Нехлюдов никак не думал, чтобы Маслова и ее душевное состояние были так близки ему. Известие это ошеломило его. Он испытал чувство, подобное тому, которое испытывают люди при известии о неожиданном большом несчастье. Ему сделалось очень больно. Первое чувство, испытанное им при этом известии, был стыд. Прежде всего он показался себе смешон с своим радостным представлением о ее будто бы изменяющемся душевном состоянии. Все эти слова ее о нежелании принять его жертву, и упреки, и слезы – все это были, подумал он, только хитрости извращенной женщины, желающей как можно лучше воспользоваться им. Ему казалось теперь, что в последнее посещение он видел в ней признаки той неисправимости, которая обозначилась теперь. Все это промелькнуло в его голове, в то время как он инстинктивно надевал шляпу и выходил из больницы.

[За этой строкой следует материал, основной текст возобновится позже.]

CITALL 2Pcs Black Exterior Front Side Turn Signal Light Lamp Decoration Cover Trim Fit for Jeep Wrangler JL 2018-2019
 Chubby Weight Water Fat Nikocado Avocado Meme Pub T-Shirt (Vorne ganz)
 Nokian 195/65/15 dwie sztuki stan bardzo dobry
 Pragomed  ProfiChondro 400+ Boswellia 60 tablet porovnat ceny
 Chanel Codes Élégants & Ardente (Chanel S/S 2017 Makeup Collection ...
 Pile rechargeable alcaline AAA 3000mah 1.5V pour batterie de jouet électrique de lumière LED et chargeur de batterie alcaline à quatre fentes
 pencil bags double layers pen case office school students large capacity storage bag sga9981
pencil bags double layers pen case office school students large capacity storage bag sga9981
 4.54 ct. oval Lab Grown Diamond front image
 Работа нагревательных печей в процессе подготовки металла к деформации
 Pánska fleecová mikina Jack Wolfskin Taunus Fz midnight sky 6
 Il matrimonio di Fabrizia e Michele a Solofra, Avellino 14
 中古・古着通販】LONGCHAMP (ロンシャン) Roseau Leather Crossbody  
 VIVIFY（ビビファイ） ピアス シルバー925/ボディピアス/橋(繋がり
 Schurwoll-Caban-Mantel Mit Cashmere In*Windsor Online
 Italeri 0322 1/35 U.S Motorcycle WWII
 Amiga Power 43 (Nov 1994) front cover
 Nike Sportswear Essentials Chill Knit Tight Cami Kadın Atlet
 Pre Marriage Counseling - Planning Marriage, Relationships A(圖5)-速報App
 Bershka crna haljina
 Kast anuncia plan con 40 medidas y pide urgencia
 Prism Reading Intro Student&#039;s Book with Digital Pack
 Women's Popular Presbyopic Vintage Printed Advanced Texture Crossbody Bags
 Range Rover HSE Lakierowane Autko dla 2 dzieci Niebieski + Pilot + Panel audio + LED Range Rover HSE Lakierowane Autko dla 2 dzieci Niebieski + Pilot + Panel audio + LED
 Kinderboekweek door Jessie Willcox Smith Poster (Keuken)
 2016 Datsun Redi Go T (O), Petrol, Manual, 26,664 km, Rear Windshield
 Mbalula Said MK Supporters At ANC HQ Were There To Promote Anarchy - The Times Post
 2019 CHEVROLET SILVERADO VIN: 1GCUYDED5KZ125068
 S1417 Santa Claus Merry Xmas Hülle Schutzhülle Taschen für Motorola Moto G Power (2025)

«Но что же делать теперь? – спросил он себя. – Связан ли я с нею? Не освобожден ли я теперь именно этим ее поступком?» – спросил он себя.
Но как только он задал себе этот вопрос, он тотчас же понял, что, сочтя себя освобожденным и бросив ее, он накажет не ее, чего ему хотелось, а себя, и ему стало страшно.
«Нет! То, что случилось, не может изменить – может только подтвердить мое решение. Она пусть делает то, что вытекает из ее душевного состояния, – шашни с фельдшером, так шашни с фельдшером – это ее дело… А мое дело – делать то, чего требует от меня моя совесть, – сказал он себе. – Совесть же моя требует жертвы своей свободой для искупления моего греха, и решение мое жениться на ней, хотя и фиктивным браком, и пойти за ней, куда бы ее ни послали, остается неизменным», – с злым упрямством сказал он себе и, выйдя из больницы, решительным шагом направился к большим воротам острога.
Подойдя к воротам, он попросил дежурного доложить смотрителю о том, что желал бы видеть Маслову. Дежурный знал Нехлюдова и, как знакомому человеку, сообщил ему их важную острожную новость: капитан уволился, и на место его поступил другой, строгий, начальник.
– Строгости пошли теперь – беда, – сказал надзиратель. – Он здесь теперь, сейчас доложат.
Действительно, смотритель был в тюрьме и скоро вышел к Нехлюдову. Новый смотритель был высокий костлявый человек с выдающимися мослаками над щеками, очень медлительный в движениях и мрачный.
– Свидания разрешают в определенные дни в посетительской, – сказал он, не глядя на Нехлюдова.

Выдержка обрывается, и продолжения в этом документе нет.